Invoquant toute la force de son pouvoir magique ancestral d’énarque survitaminé, il nous a créé un nouveau concept : le « Réseau Ambition Réussite » est né. Vous avez bien lu : un réseau dont l’ambition est la réussite. Mazette, rien que ça, déjà, ça en jette. Ca claque sa mère, comme on dit dans les ZEP. Limite, je pourrai arrêter mon billet ici, tant le concept se suffit à lui-même.
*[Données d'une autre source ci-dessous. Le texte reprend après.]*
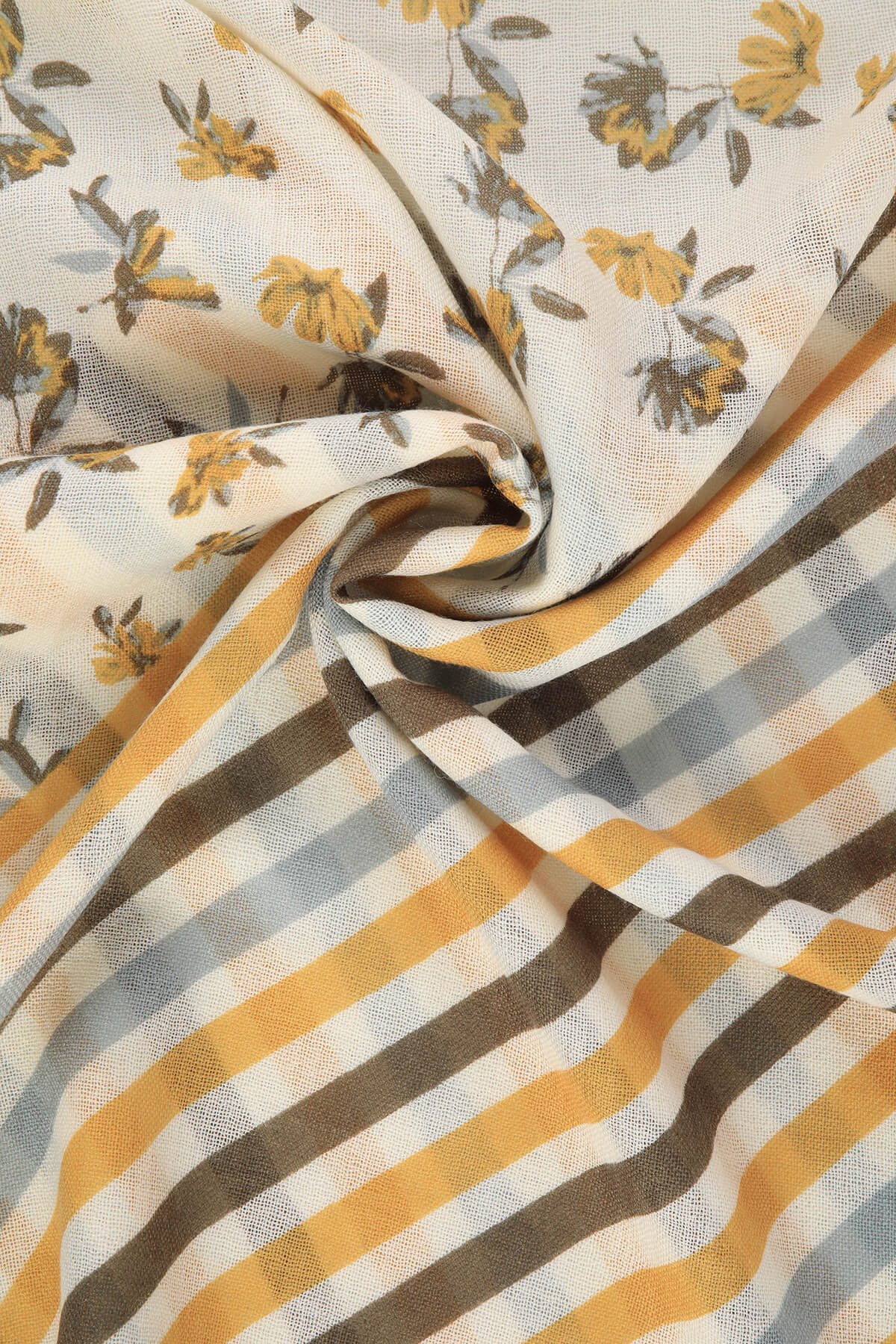 A soft, lightweight scarf featuring a delicate floral pattern in yellow and gray on an off-white background, paired with bold horizontal stripes of mustard yellow, brown, and light blue.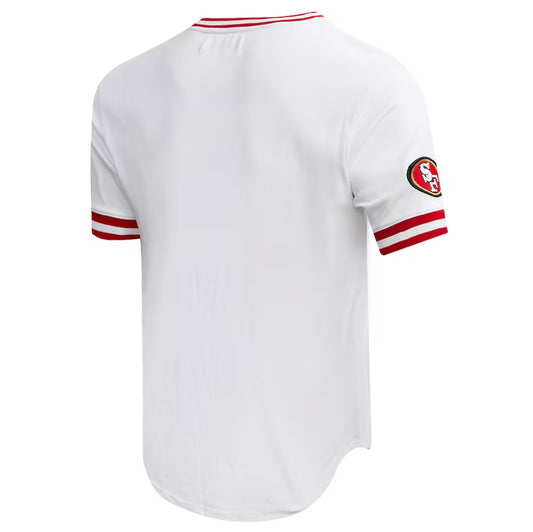 SF.49ers Pro Standard White Classic Chenille Double Knit T-Shirt American Football Jerseys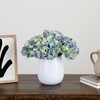 Nearly Natural 11-in Artificial Hydrangea Flower Arrangement in Decorative White
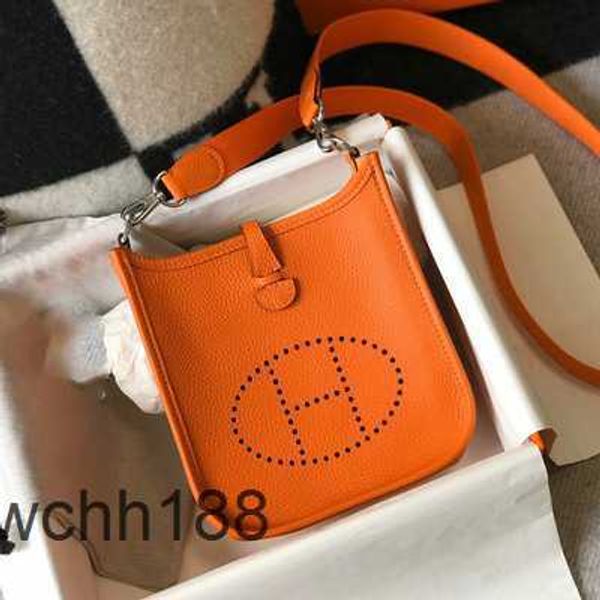 

leather herms evelyns tote designer mini bag messenger togo bags lychee grain h bucket 2023 women's one shoulder mobile 17cm x18g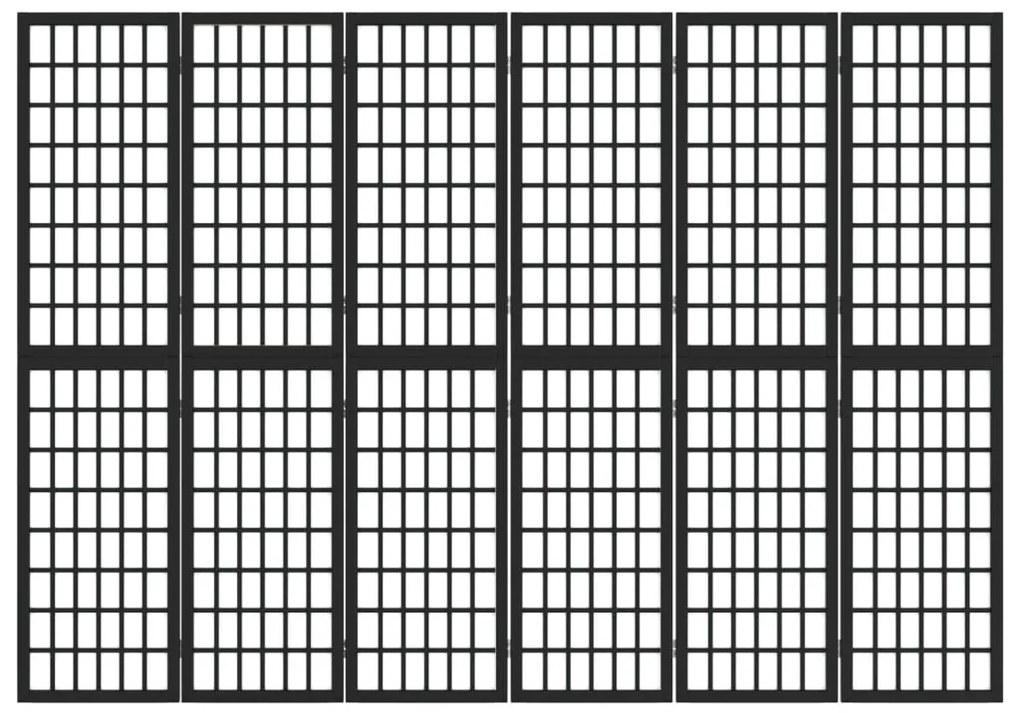 vidaXL Παραβάν Ιαπωνικού Στιλ με 6 Πάνελ Πτυσσόμενο Μαύρο 240x170 εκ.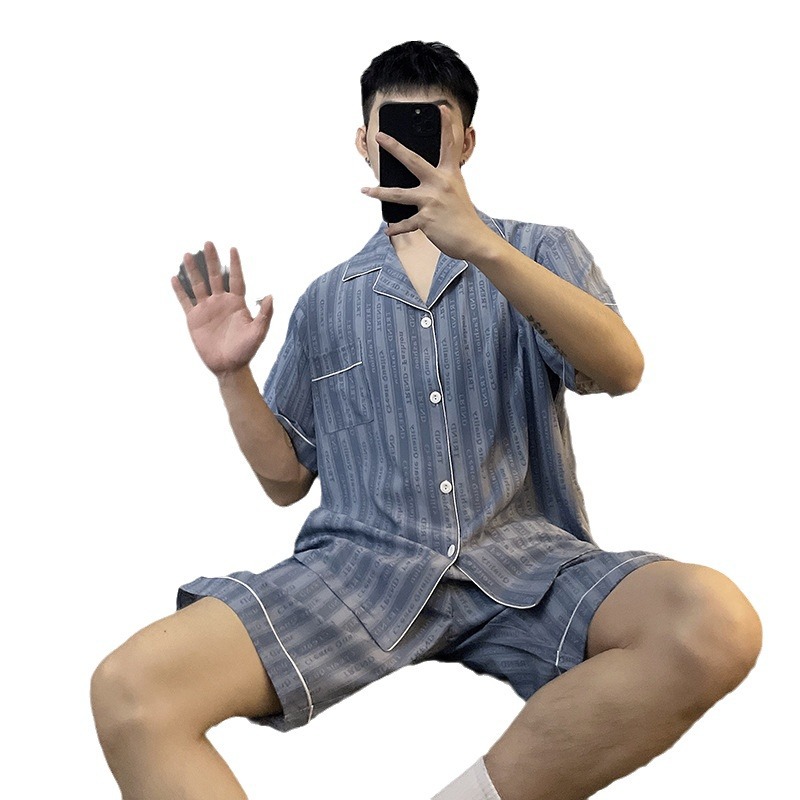 Pijamas de verano de alta calidad para hombres primavera y otoño tres piezas delgada seda de hielo de manga corta ropa para el hogar de seda juvenil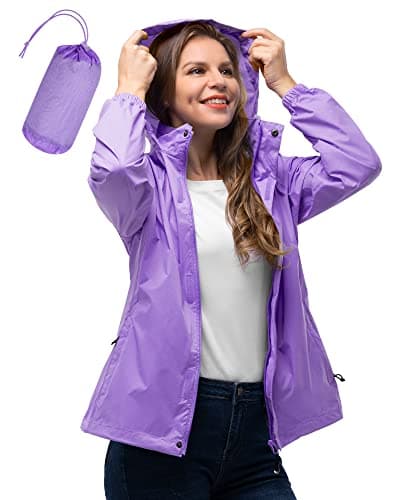 33,000ft Women's Lightweight Rain Jackets Hooded Breathable Packable Running Raincoats Active Trench Windbreaker with Hideaway Hood for Cycling Hiking (Light Purple-M/UK 12) — view 2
S’il existe bien un élément qui permet, directement, de discriminer un projet rationnel d’une fumisterie étatiste absolument vide de sens, totalement stupide et complètement inefficace, c’est bien le Nom. Les gens de l’art me comprendront : un nom peut être marketing, un slogan accrocheur, une démarche nouvelle ou un concept émoustillant. Mais si l’état y met son nez, le nom devient incroyablement ridicule, le slogan niaiseux ou mal fichu, la démarche boiteuse et le concept vaporeux.
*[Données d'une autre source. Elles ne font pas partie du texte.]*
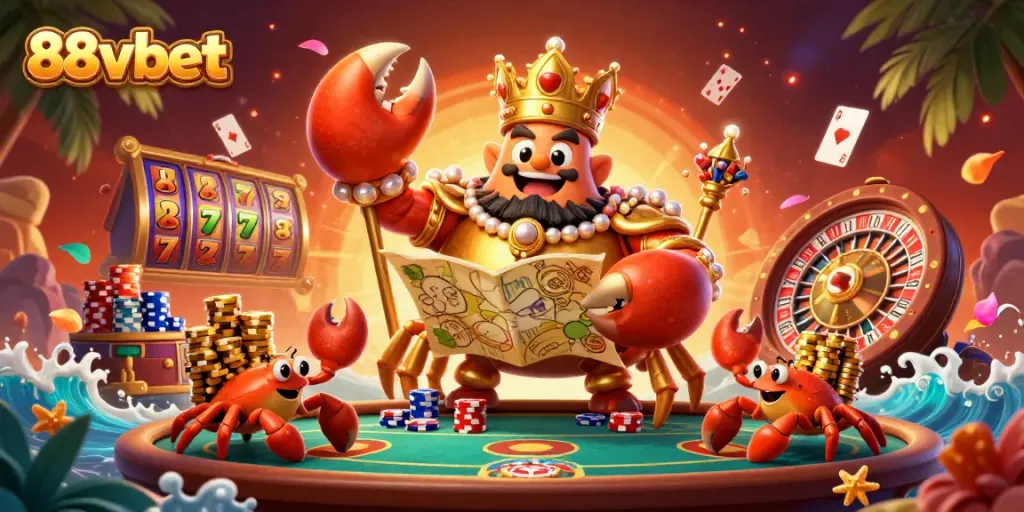 Engage in thrilling 88vbet casino adventures with a golden crab emperor and vibrant gaming elements.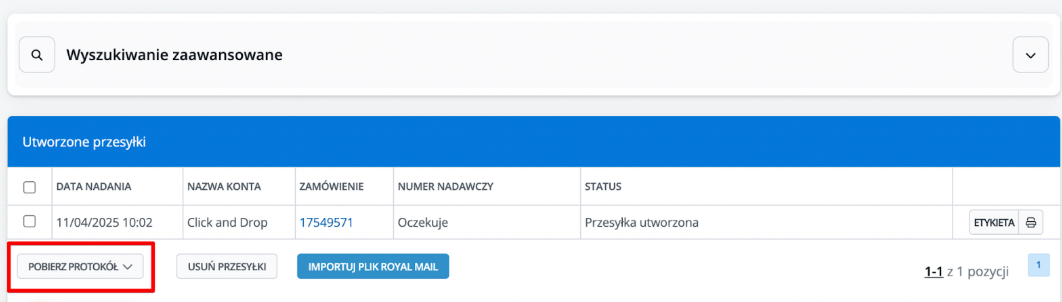 Pobieranie protokołu z listą przesyłek Click&Drop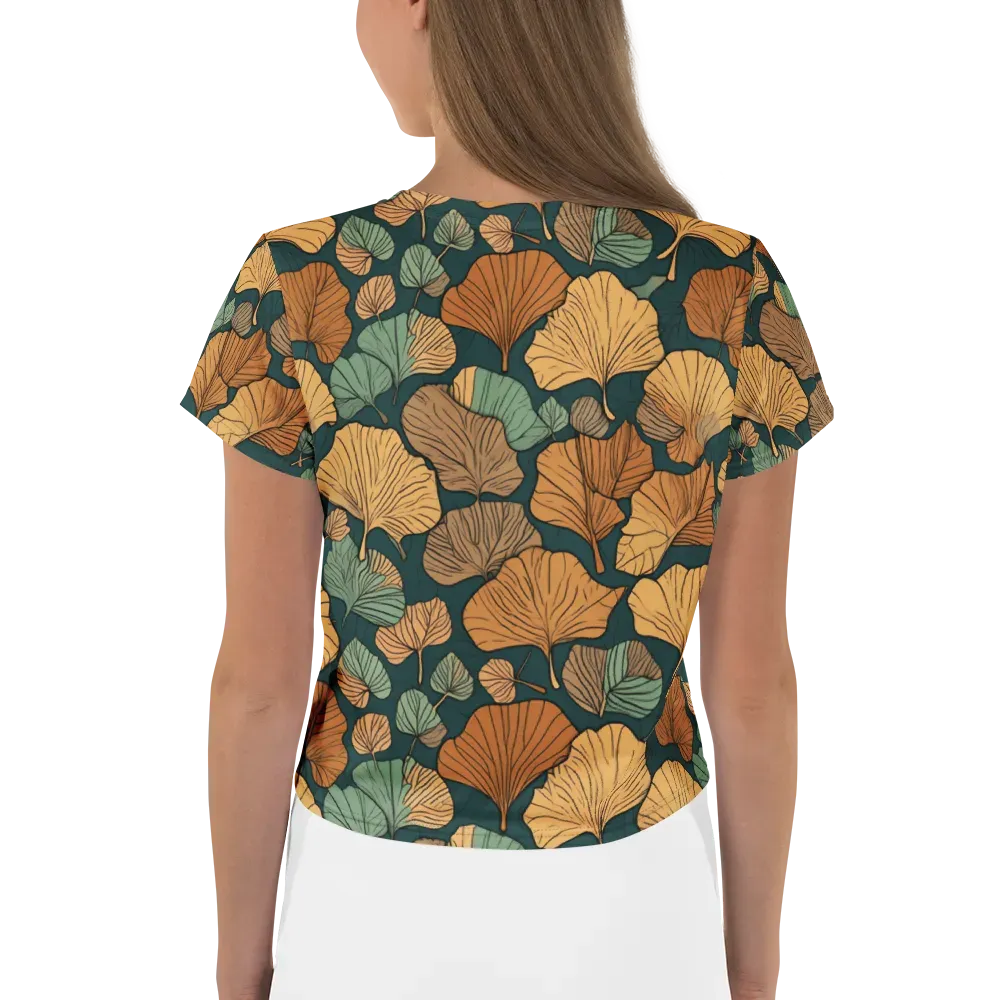 Ginkgo Noir on Crop Tee — Back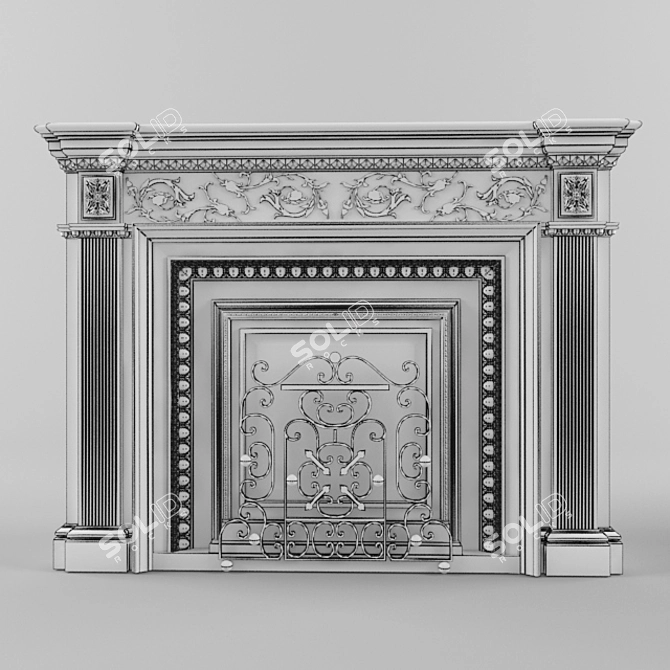 Versatile Painted Fireplace 3D model image 3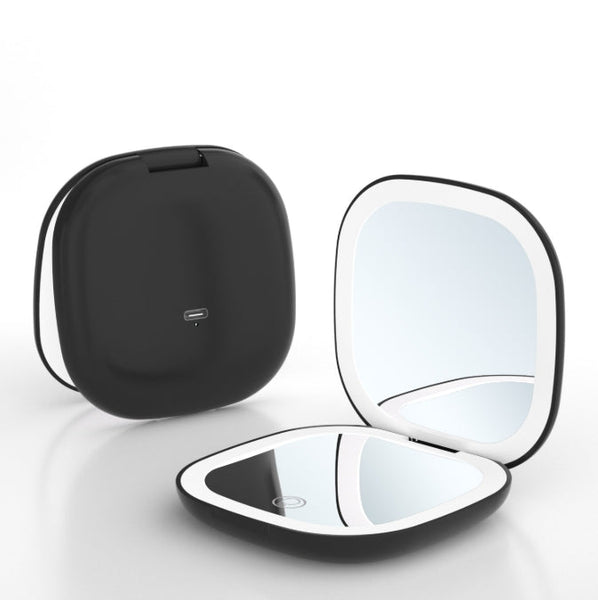 2 Piece Black Portable Led Makeup Mirror Rechargeable Compact With 3 Color Lights & 5X Magnification Makeup Mirrors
Là, avec le « Réseau Ambition Réussite », on touche au Parfait, au Divin, à l’apothéose du Nimportekwa Or Massif, autant dans le nom, incroyable trouvaille d’un besogneux publicitaire en mal de franche poilade, probablement, que dans le contenu même de l’action que notre Justicier de Socialood entend entreprendre.
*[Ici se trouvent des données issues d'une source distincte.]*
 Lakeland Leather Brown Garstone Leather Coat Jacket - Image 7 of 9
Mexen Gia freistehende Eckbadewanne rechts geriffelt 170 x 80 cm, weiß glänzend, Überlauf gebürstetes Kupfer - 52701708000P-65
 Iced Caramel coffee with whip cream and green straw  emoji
Tout d’abord, le nom : c’est un formidable concentré de toutes les naiseries socialobienpensantes types que les collectivités, les organismes d’états et les associations sursubventionnées nous pondent à longueur d’années pour tous les sujets aussi improbables soient-ils (on en trouve à foison dans les petits opuscules des ministères, type « L’Euro, c’est plus facile ensemble » de Minifin[1]). Si l’occasion se présente, faire un florilège de ces conneries serait divertissant et mériterait presque une étude complète, quasi ethnologique sur leurs producteurs, pour déterminer comment, à partir de concepts aussi fumeux, ils arrivent à faire des slogans d’une aussi grande capacité de résonnance. Notons au passage que pour faire de la musique et du pipeau notamment, la résonnance est fort utile.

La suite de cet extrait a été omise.